International Women’s Day
‘Women will never be equal to men until they can walk down the street with a bald head and a beer gut, and still think they are sexy’ … A man said that to me once.
I made reference to it in my speech to hugely successful businesswoman from Tel Aviv who were visiting London, 10 Downing Street and Mischon de Reya through an invitation arranged via the Department of International Trade in celebration of International Woman’s Day. 109 years ago, women did not have a voice, the right to vote, the right of safety and much worse from their husband who was legally permitted to beat or assault his wife until laws were.
International Woman’s Day (IWD) first began on Sunday March 9th 1909 when a group of woman fought back against the lack of rights and respect they held as citizens, daughters and wives, they campaigned for recognition, equality and fairness!
It took nine years of campaigning for women to simply win the right to vote which was finally made law in the UK in 1918. Every year numerous areas of fairness have been and will continue to be recognised. Changes have occurred as a consequence, ones that my daughter and many others can take for granted. The presence of female MPs and cabinet ministers has at least tripled between 1994 and 2014 – yet this number still remains low at only 20% compared to men which means that in 2018, men are still the overarching majority with 80% representation. Only 55 of the 500 richest people in the world are women. As Mohammed Bin Salmon, Crown Prince of Saudi Arabia makes his first official visit to the UK to promote his agenda of change – to much controversy; my thoughts go back to the fact that women in Saudi Arabia were only given equal employment rights as men last year.
Much progress has happened in society; the law has been rightly changed to protect and address fairness & equality many in all areas such as race, age, employment, sexual orientation and frankly basic human rights. We have got this far but omitted fairness for woman in pay for an equal job to men (although the gender pay gap is currently under review by government which will soon be addressing this legislation to ensure that woman receive the same pay for the same job as men.

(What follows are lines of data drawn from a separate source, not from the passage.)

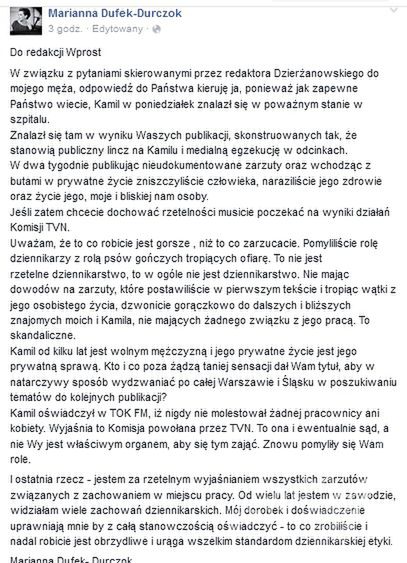list Marianny Dufek-Durczok
Fotografia: Facebook.pl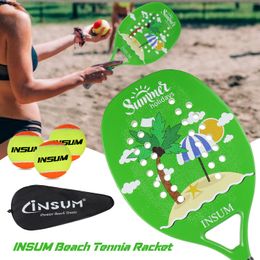 Tennis Rackets INSUM Beach Racket Carbon Fiber Low Price with EVA Core 22mm est Round Grit Racquet 230608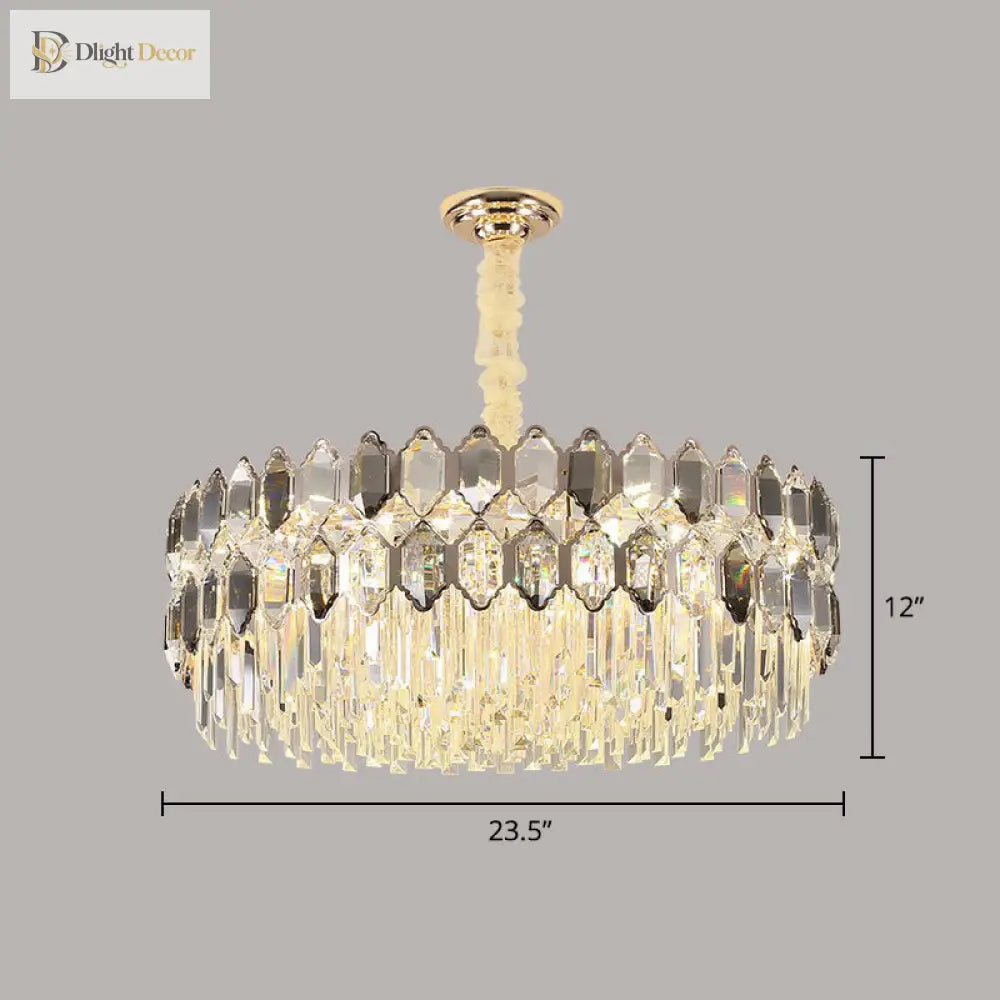 Gabriela Modern Crystal Chandelier - Smoke Grey Tiered Pendant (Multiple Sizes)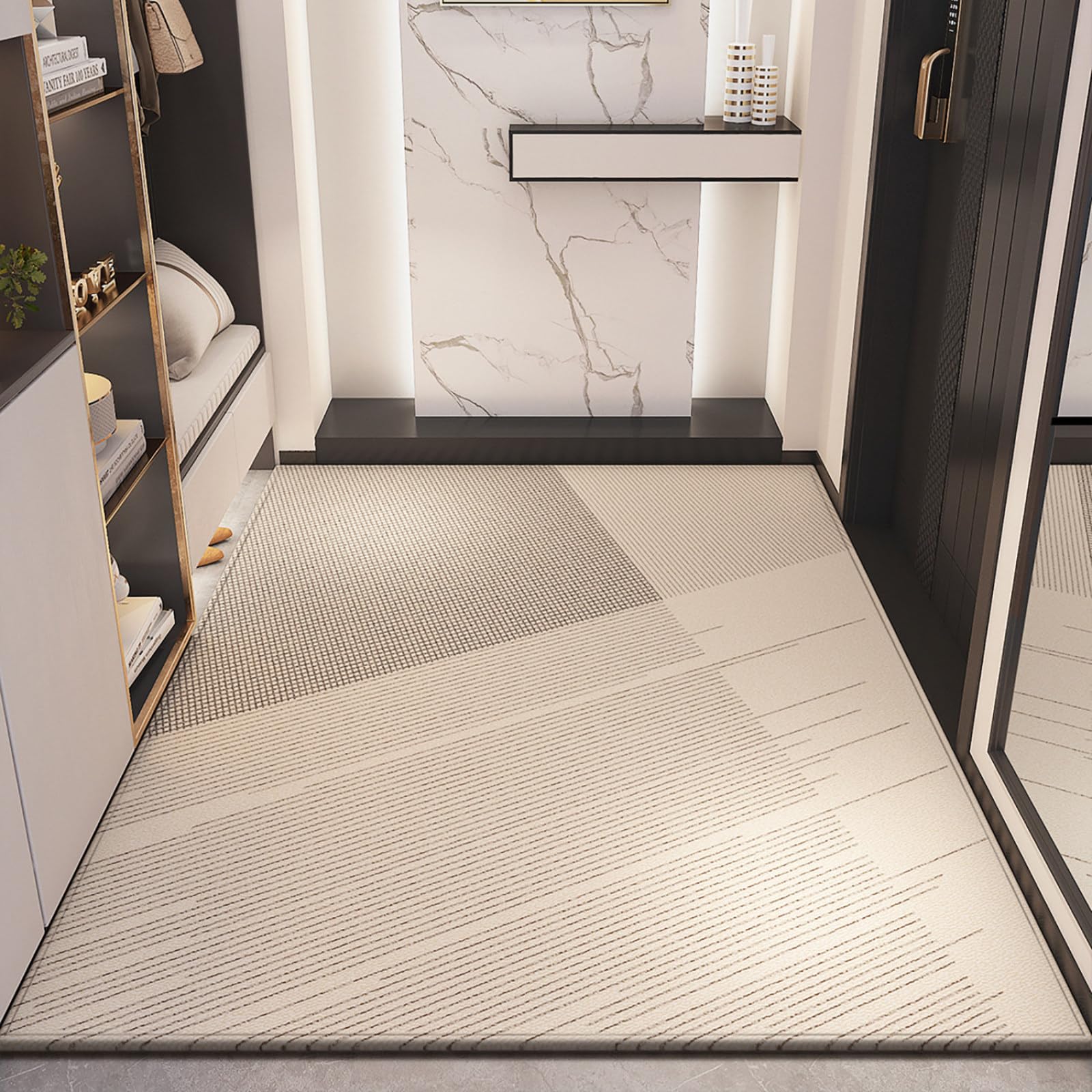 Felpudo Entrada Casa 90x150 Patrón De Línea Beige Marrón Claro Felpudo Exterior Antideslizante Lavable Felpudos para Pasillo Cocina Puerta Jardín Decoración Alfombrilla para Entrada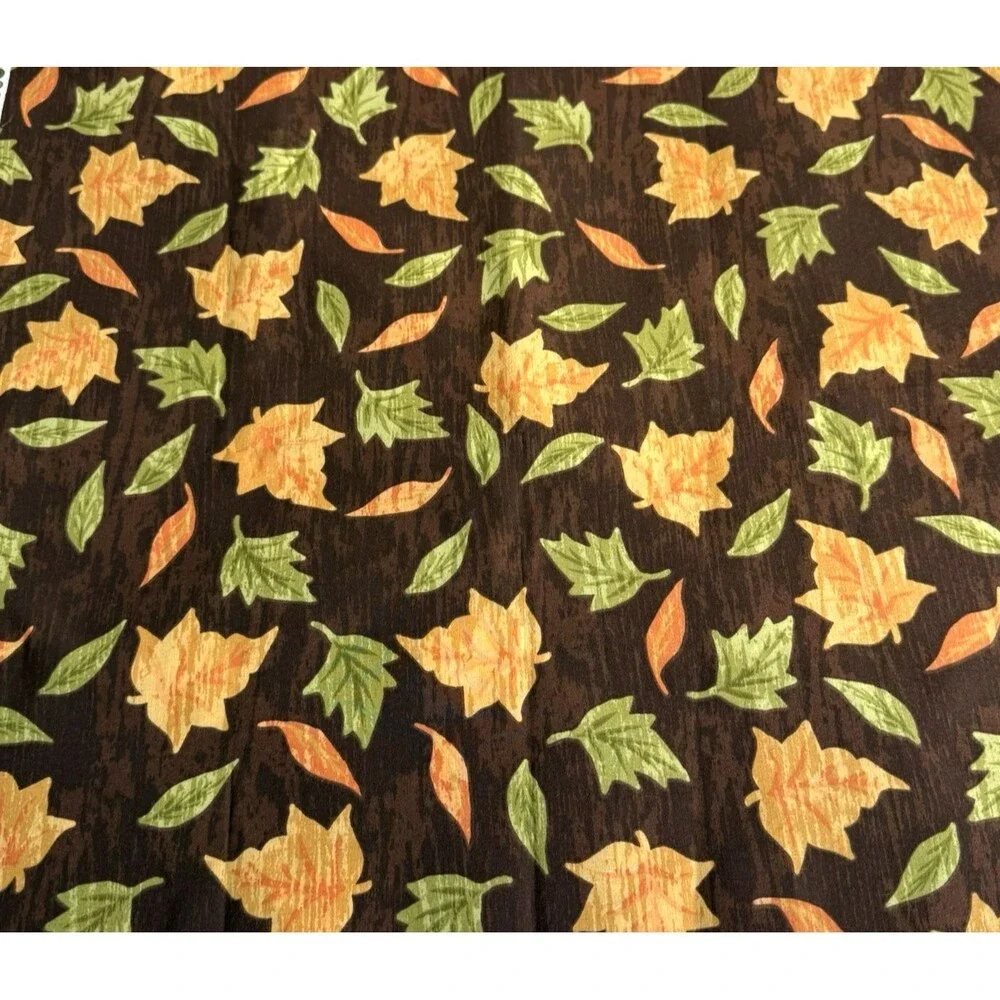 Fall Fabric Autumn Fall Leaves on Tree Bark Quilting Cotton Sewing Brown BTY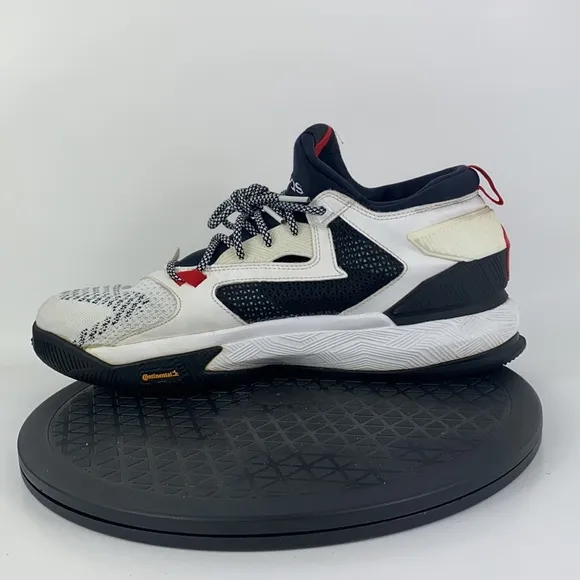 Adidas D Lillard 2 Primeknit White/Red Basketball Shoes B54171 Men's Size 12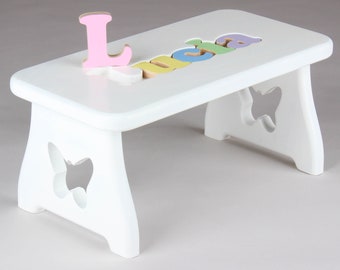 Name Puzzle Stool - WHITE FINISH - Kids Step Stool, First Birthday, Baby Gift, Baby Shower, Personalized, Toddler Gift, Montessori, Puzzle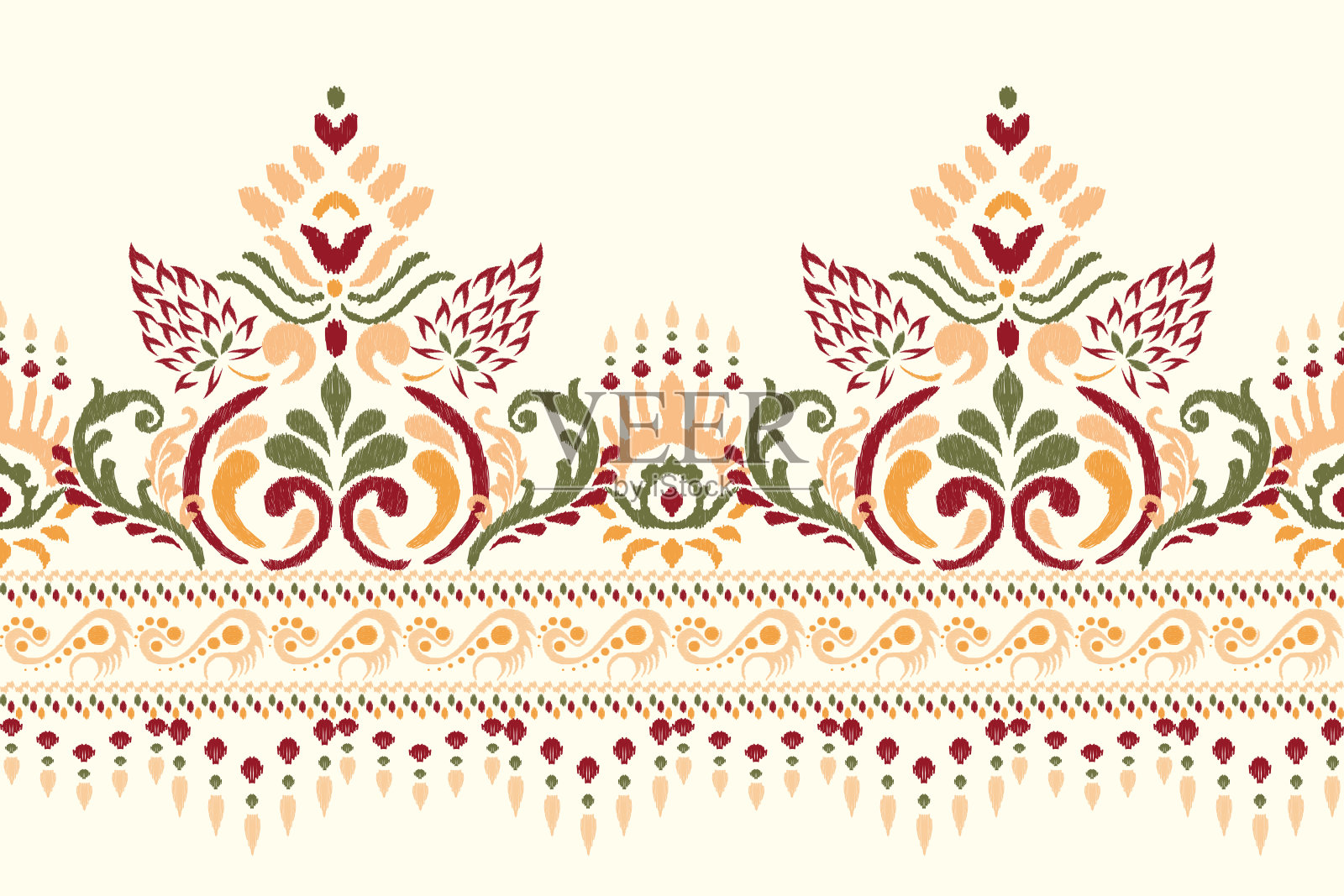 大马士革伊卡特花卉图案矢量插画图片素材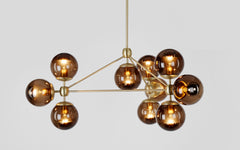 Modo chandelier - 3 sided, 10 globes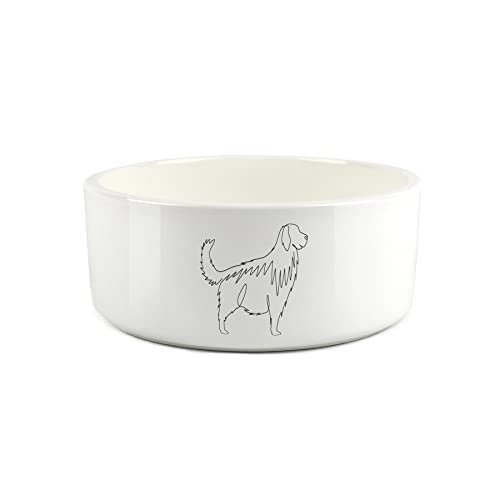 Golden Retriever Futternapf für Hunde, groß, feine Linienzeichnung, Keramik, Weiß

What is necessary to address however, is the abuse of power in society, particularly in local government, governments in general (certainly in the UK and in USA) where strongholds of corruption are being exposed and addressed.
In this age of the speed and technology around us, we can uncover criminal conduct through the internet regardless of computer systems, we get entire emails directly from the airwaves through AOL and Google. We can uncover much from covert operations and we can bring down criminals from local council to government across judiciary local magistrates and circuit judges, councils, professionals such as accountants, solicitors for example and anyone who is involved in criminal activity is now more likely to be brought to account than ever before.
This year as I do every year, I spoke to business women on IWD. In the morning they visited 10 Downing Street and then for lunch visited the offices of Mischon de Reya. Lord Mischon has much in common with government in bringing about change in minorities and abuse. A campaigner for changing an injustice and recognised in the industry for being so. I learned much about his work in bringing about peace for Israel in his private diplomatic negotiations and am proud to be connected with the man behind the scenes in diplomacy.
As the Founder and former President of SBID, I launched the intellectual property protection campaign at the House of Commons. It is linked with criminality and covert operations. The government have allocated some eight million pounds to the interior design sector and we are working hard at uncovering the criminal conduct that prevents designers being paid, that helps clients walk away and not pay, as well as the criminal conduct that is below the surface from cash transactions that are involved. The money generated through counterfeit goods that trade in a black market are a real threat to all sectors of society. We intend to uncover where cash businesses and those empowered to uncover or protect the vulnerable have abused or bend the system for personal financial gain or even just in a small cliques. This conduct prevents a fair playing field and so we must work together to break down the system of in-house corruption. Arm wrestling the establishment to the ground to weasel out the few will enable a transparent and great system to flourish. Women have a key role to play in bringing about that change in society.
I am proud to be a small part of that change so that my daughter doesn’t not face the system abuse that I had once faced as a young woman in business and employment. I did not think of it as abuse it was regarded as a way of life in those days. As I grew older it became a mission and now I have every intention to bring down the men in powerful positions that currently abuse those unable to defend themselves. Fortunately, this time in my life, I have the support to do so.